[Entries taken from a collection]
****************

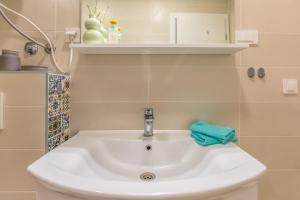 La salle de bains est pourvue d'un lavabo blanc. dans l'établissement Sole Mio, à Celina 8 autres photos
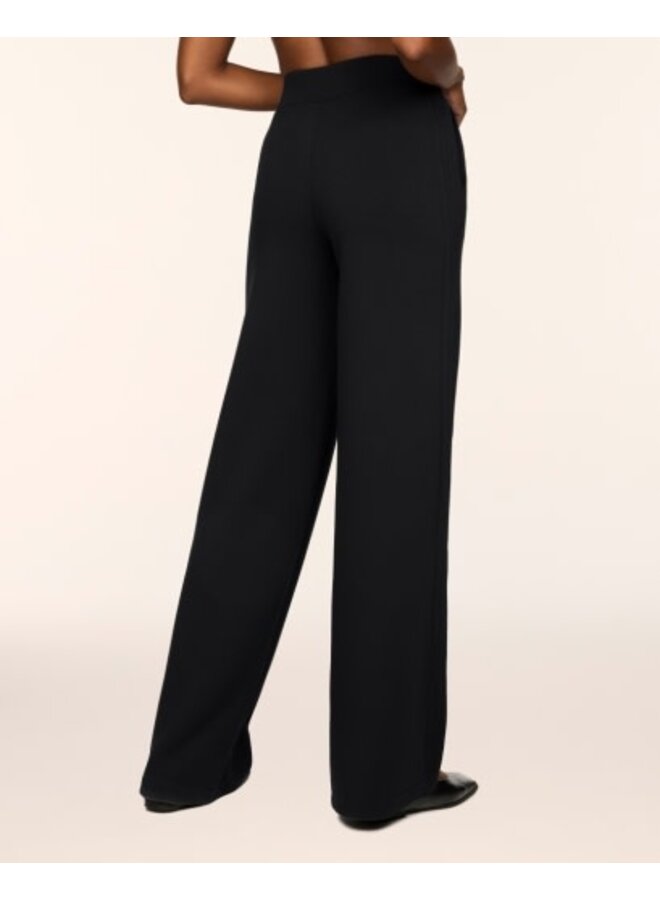 Airessentials® pintuck wide leg pant reg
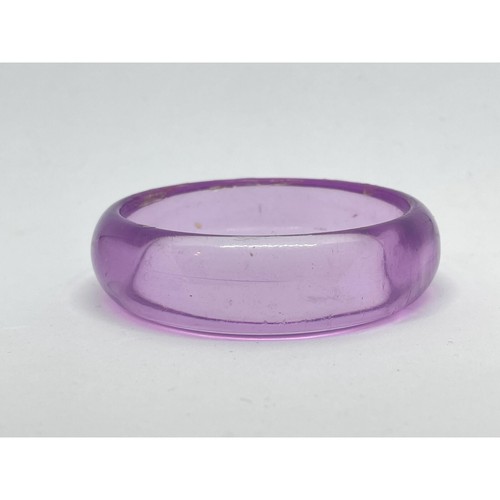 Lilac transparent plastic midi width bangle - Picture 6 of 10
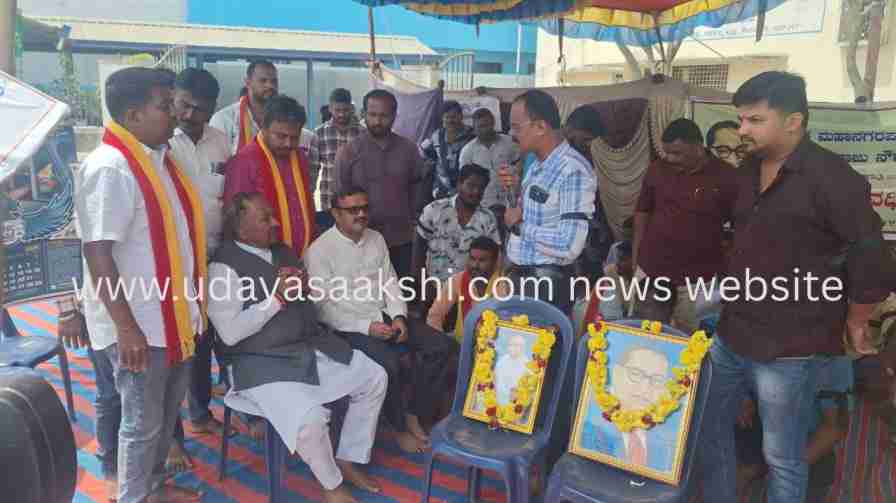 shimoga | Shimoga: 2nd day of water supply workers' strike – KS Eshwarappa visits! shimoga | ಶಿವಮೊಗ್ಗ : ನೀರು ಸರಬರಾಜು ನೌಕರರ ಮುಷ್ಕರ 2 ನೇ ದಿನಕ್ಕೆ –  ಕೆ ಎಸ್ ಈಶ್ವರಪ್ಪ ಭೇಟಿ!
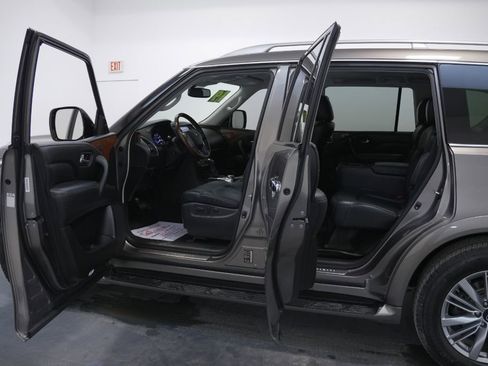 Used 2019 INFINITI QX80 Luxe w/ Proassist Package image 29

****************

● AIM OF THE EXERCISE
Output only the lines running from the line with "Airessentials® pintuck wide leg pant reg" through the last line of the entries above, inclusive, with pictures excluded.

● TASK ANSWER
 Airessentials® pintuck wide leg pant reg
 Lilac transparent plastic midi width bangle - Picture 6 of 10
 shimoga | Shimoga: 2nd day of water supply workers' strike – KS Eshwarappa visits! shimoga | ಶಿವಮೊಗ್ಗ : ನೀರು ಸರಬರಾಜು ನೌಕರರ ಮುಷ್ಕರ 2 ನೇ ದಿನಕ್ಕೆ –  ಕೆ ಎಸ್ ಈಶ್ವರಪ್ಪ ಭೇಟಿ!
 Used 2019 INFINITI QX80 Luxe w/ Proassist Package image 29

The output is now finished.